» Task goal: Only some lines are wanted. Transcribe, exactly, the lines below from the line with "Woke up this morning feeling fine 🎶" up to and including the line with "Flexible Packaging Sales Forecast".

Brief descriptive captions
○ ○ ○ ○ ○
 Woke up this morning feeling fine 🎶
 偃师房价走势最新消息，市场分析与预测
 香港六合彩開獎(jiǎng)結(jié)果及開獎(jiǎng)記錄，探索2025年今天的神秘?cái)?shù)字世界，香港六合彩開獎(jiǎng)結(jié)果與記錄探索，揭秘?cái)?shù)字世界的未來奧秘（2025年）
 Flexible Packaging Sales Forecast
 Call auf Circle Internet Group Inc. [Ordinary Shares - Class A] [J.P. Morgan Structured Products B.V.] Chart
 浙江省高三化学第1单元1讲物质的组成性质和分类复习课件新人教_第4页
○ ○ ○ ○ ○
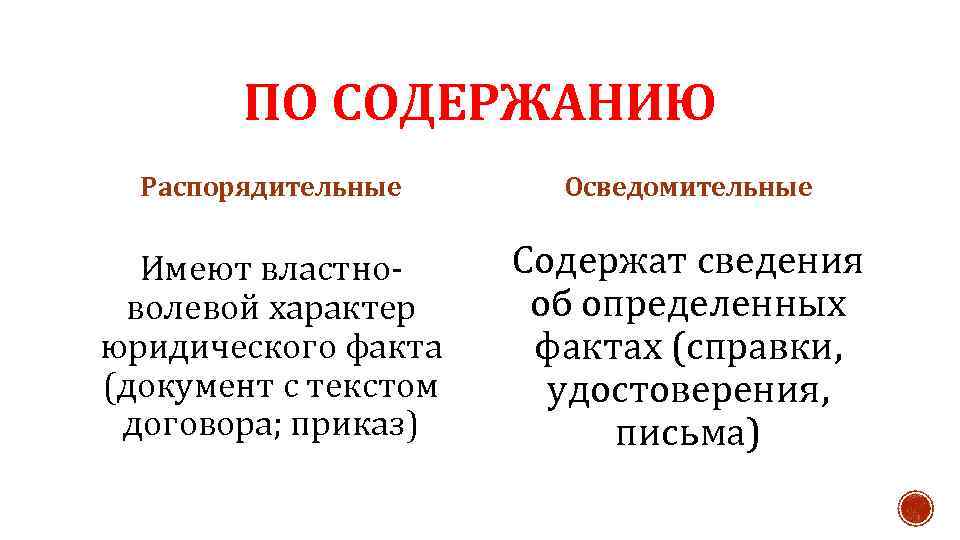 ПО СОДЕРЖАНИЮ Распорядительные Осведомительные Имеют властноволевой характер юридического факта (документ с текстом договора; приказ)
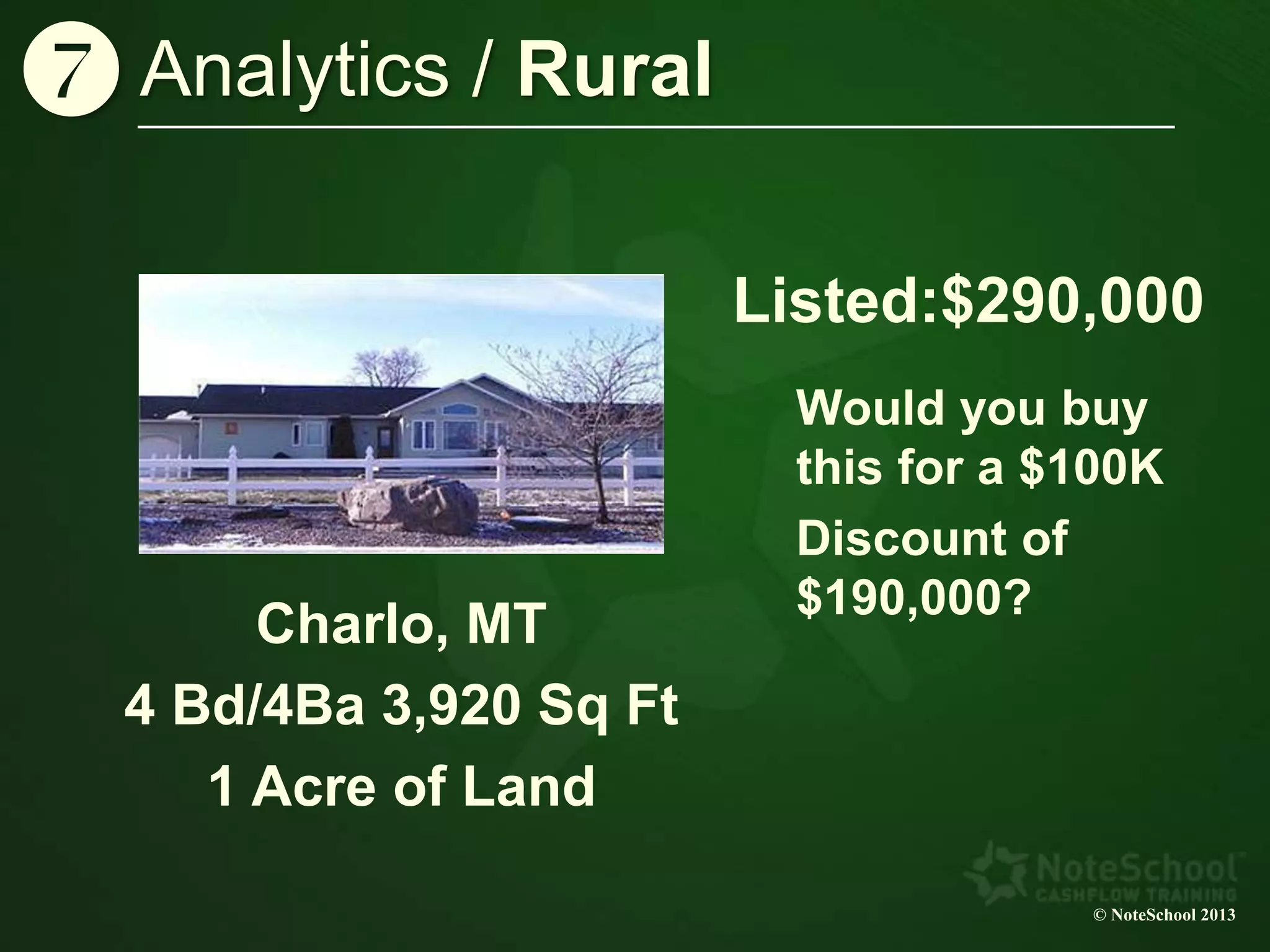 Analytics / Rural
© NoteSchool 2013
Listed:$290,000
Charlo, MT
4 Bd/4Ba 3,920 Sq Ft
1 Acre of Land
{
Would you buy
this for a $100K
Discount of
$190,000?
○ ○ ○ ○ ○
» Written reply:
 Woke up this morning feeling fine 🎶
 偃师房价走势最新消息，市场分析与预测
 香港六合彩開獎(jiǎng)結(jié)果及開獎(jiǎng)記錄，探索2025年今天的神秘?cái)?shù)字世界，香港六合彩開獎(jiǎng)結(jié)果與記錄探索，揭秘?cái)?shù)字世界的未來奧秘（2025年）
 Flexible Packaging Sales Forecast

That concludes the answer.